### WHAT IS REQUIRED
Below are records with pictures in them. Transcribe everything from the line containing "Milwaukee M18 FSAG125XB" down to the line containing "- الصورة ⁦3⁩", exactly, and leave the pictures behind.

━━━━━ SUPPLIED RECORDS

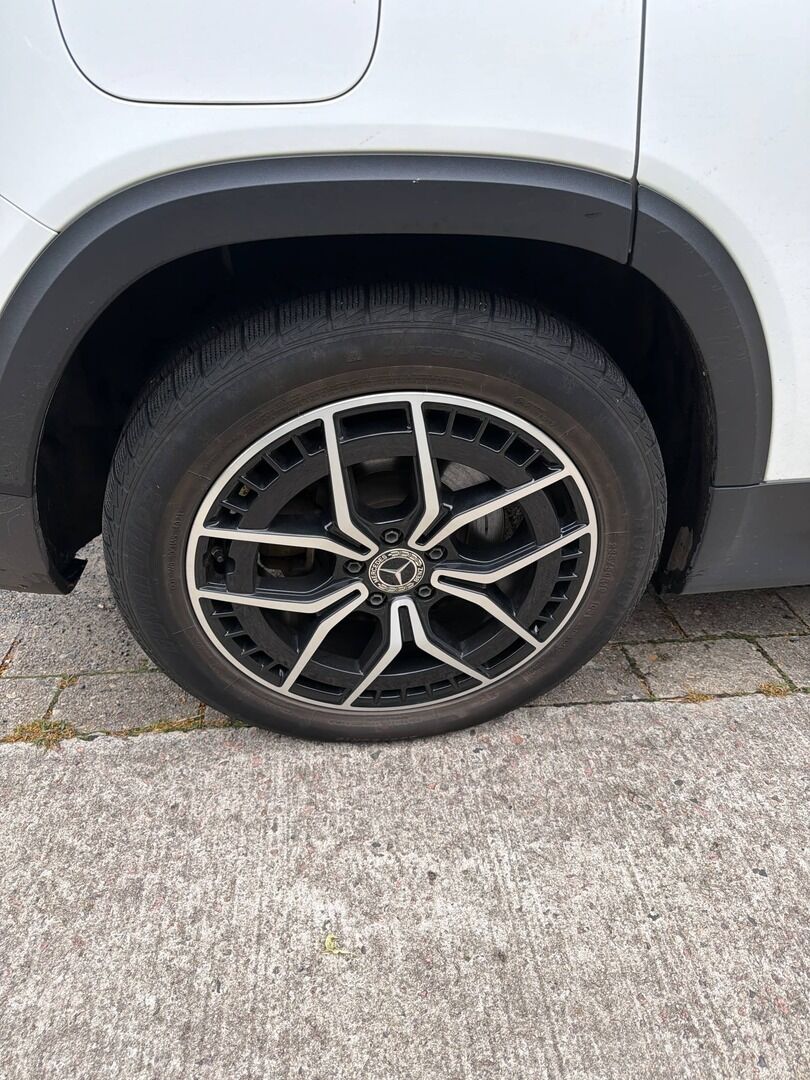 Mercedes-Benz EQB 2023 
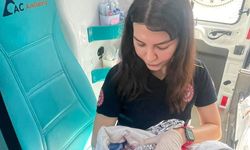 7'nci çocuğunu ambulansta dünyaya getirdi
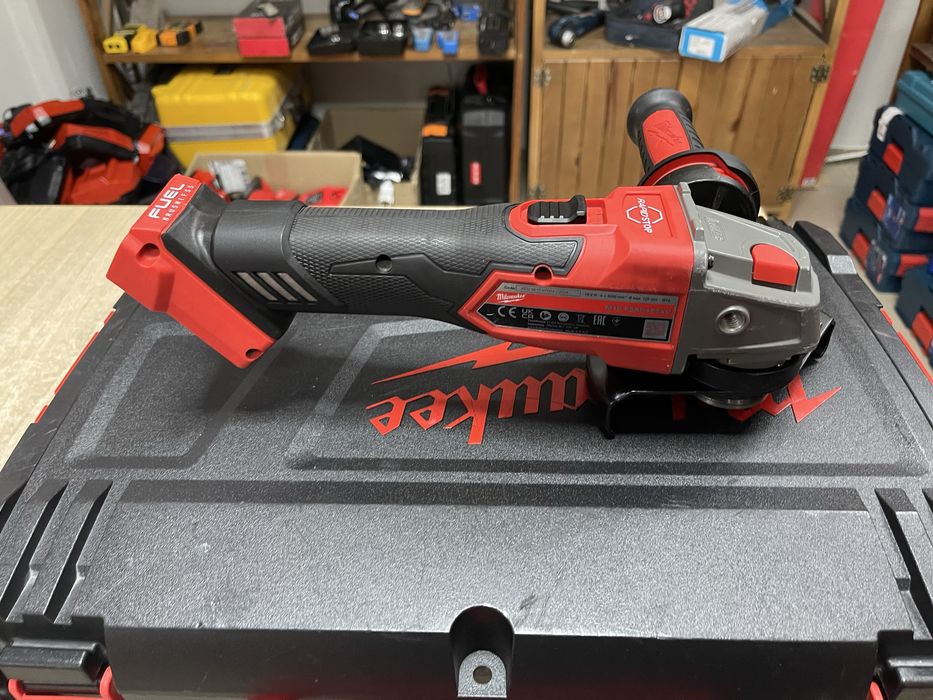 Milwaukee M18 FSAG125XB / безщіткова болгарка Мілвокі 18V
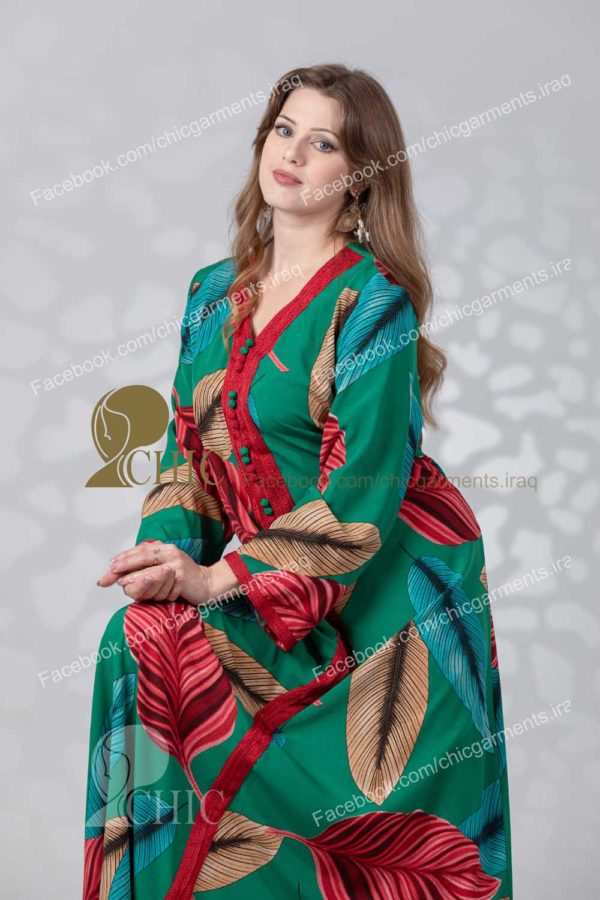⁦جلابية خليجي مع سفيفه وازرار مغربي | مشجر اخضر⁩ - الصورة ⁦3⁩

━━━━━━━━━━
━━━━━ SUPPLIED RECORDS

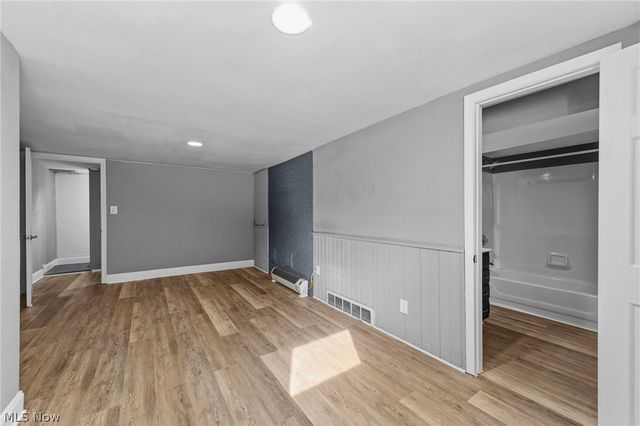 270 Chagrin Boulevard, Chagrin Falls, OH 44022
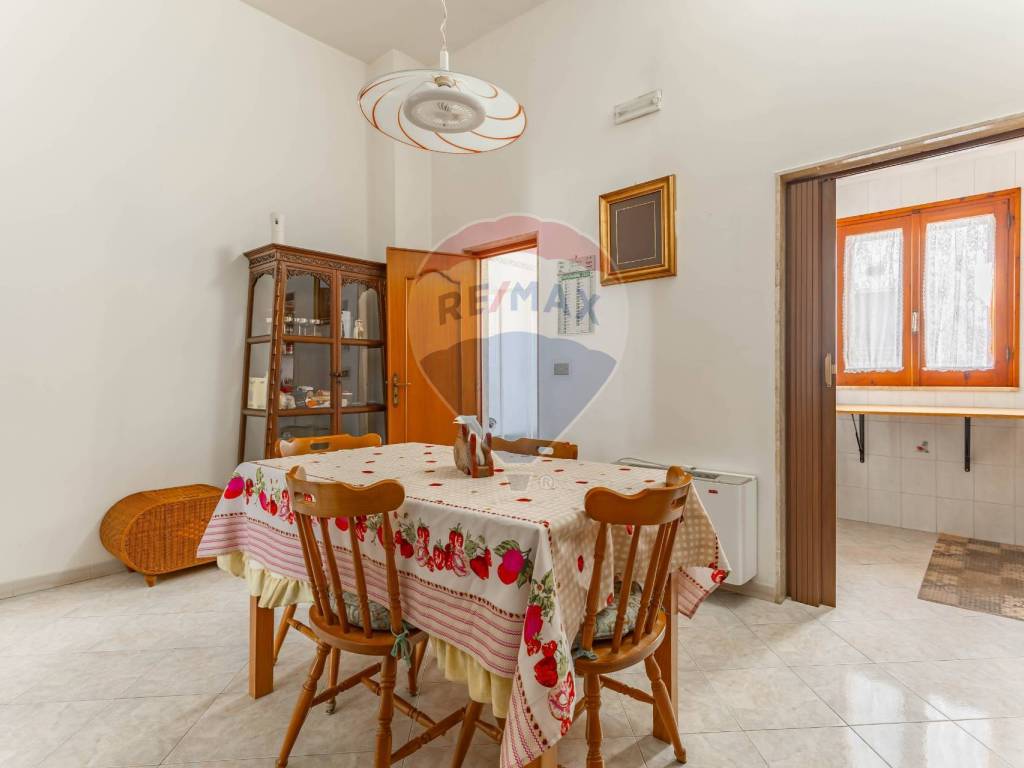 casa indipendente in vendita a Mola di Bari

━━━━━━━━━━

### EXPECTED ANSWER
 Milwaukee M18 FSAG125XB / безщіткова болгарка Мілвокі 18V
⁦جلابية خليجي مع سفيفه وازرار مغربي | مشجر اخضر⁩ - الصورة ⁦3⁩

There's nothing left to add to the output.